Records provided:
- Opening Delimiter -
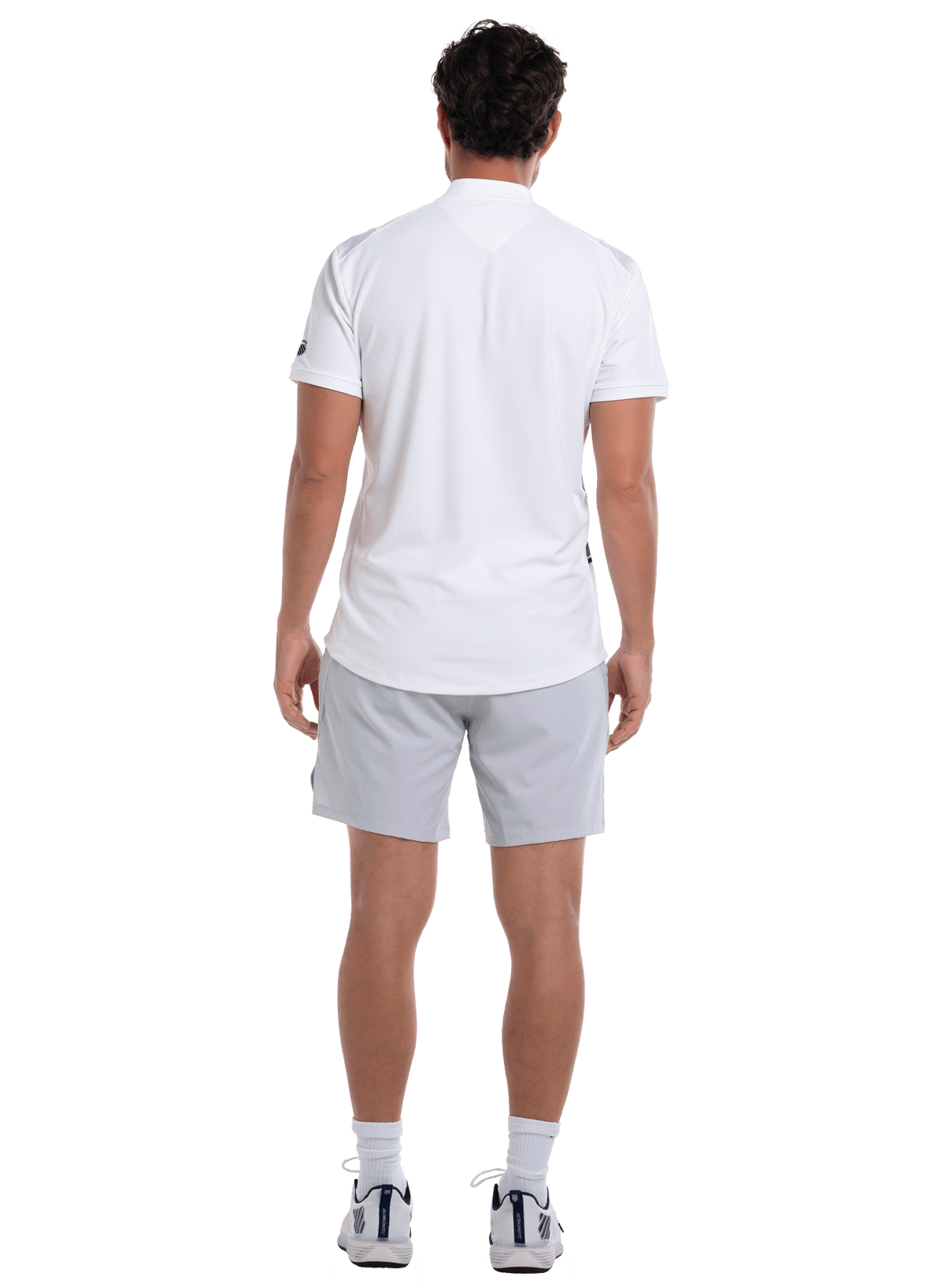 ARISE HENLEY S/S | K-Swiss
- Closing Delimiter -
- Opening Delimiter -
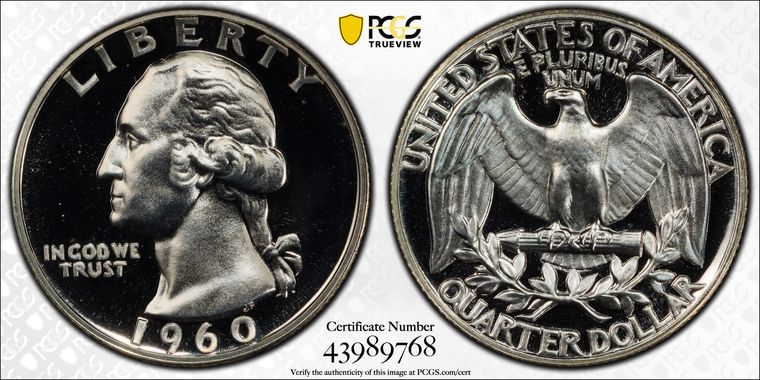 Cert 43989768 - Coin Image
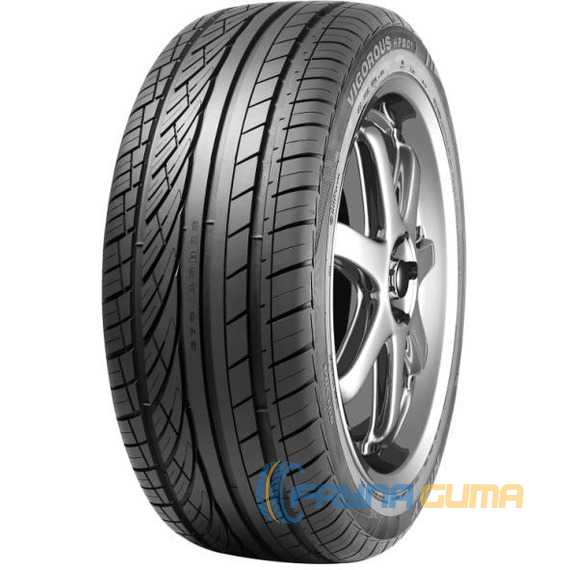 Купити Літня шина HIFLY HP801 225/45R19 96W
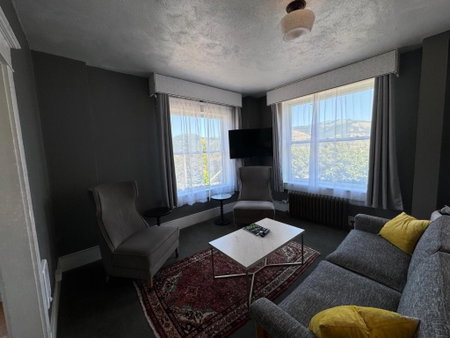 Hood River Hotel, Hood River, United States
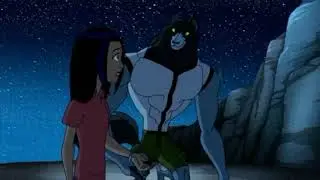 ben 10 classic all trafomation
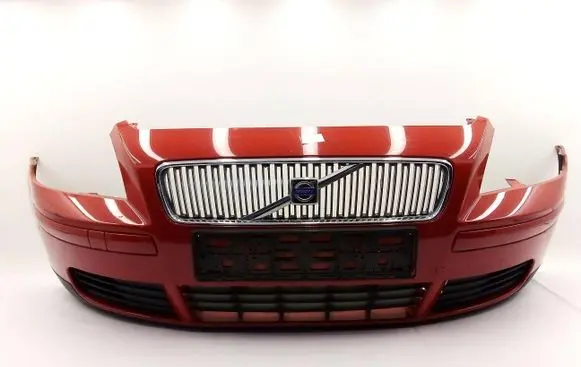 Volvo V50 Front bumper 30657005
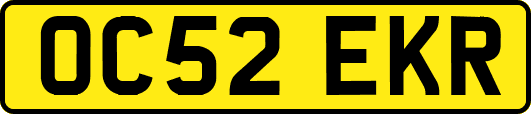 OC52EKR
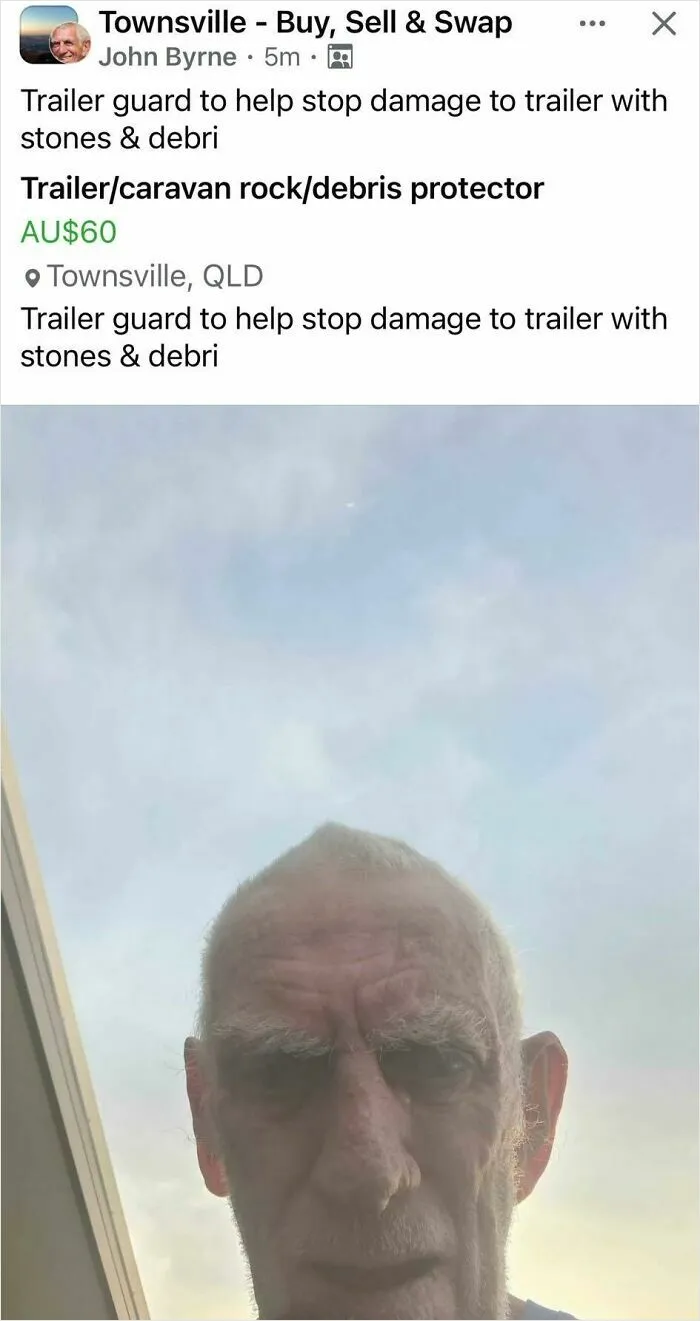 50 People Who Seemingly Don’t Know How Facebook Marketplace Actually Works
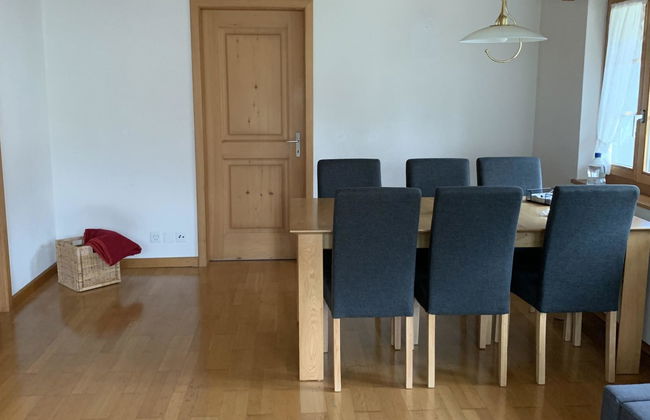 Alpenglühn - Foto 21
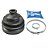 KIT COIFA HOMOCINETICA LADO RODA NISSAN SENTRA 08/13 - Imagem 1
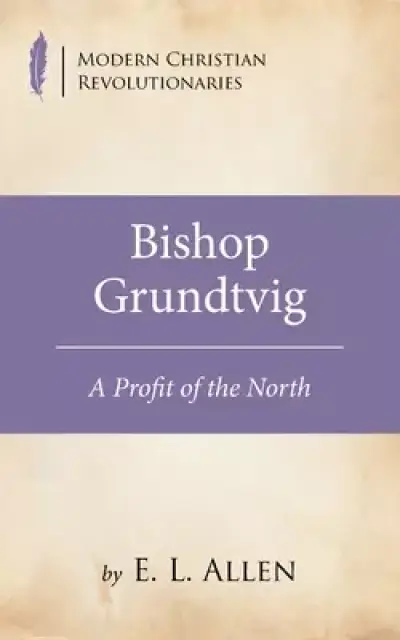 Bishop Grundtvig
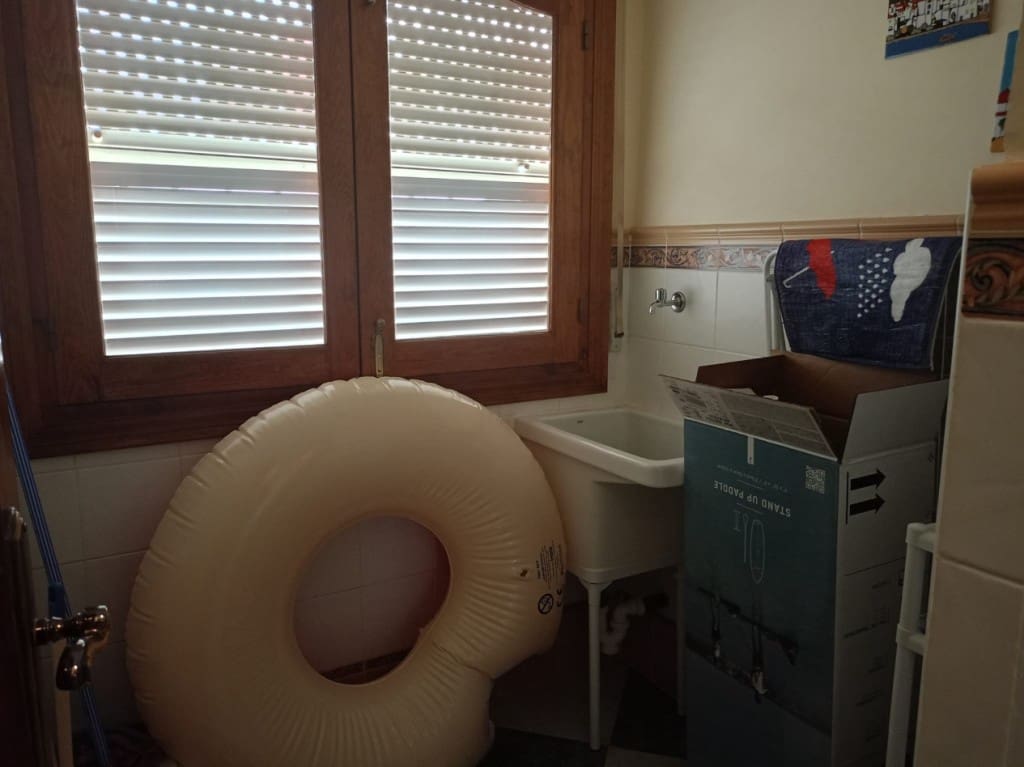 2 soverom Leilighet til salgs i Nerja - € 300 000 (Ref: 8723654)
- Closing Delimiter -
Your instructions: Beginning with the line that contains "50 People Who", write out the lines of the material above exactly, and end with the line that contains "2 soverom Leilighet". Omit the pictures.

Task result:
 50 People Who Seemingly Don’t Know How Facebook Marketplace Actually Works
 Alpenglühn - Foto 21
 KIT COIFA HOMOCINETICA LADO RODA NISSAN SENTRA 08/13 - Imagem 1
 Bishop Grundtvig
 2 soverom Leilighet til salgs i Nerja - € 300 000 (Ref: 8723654)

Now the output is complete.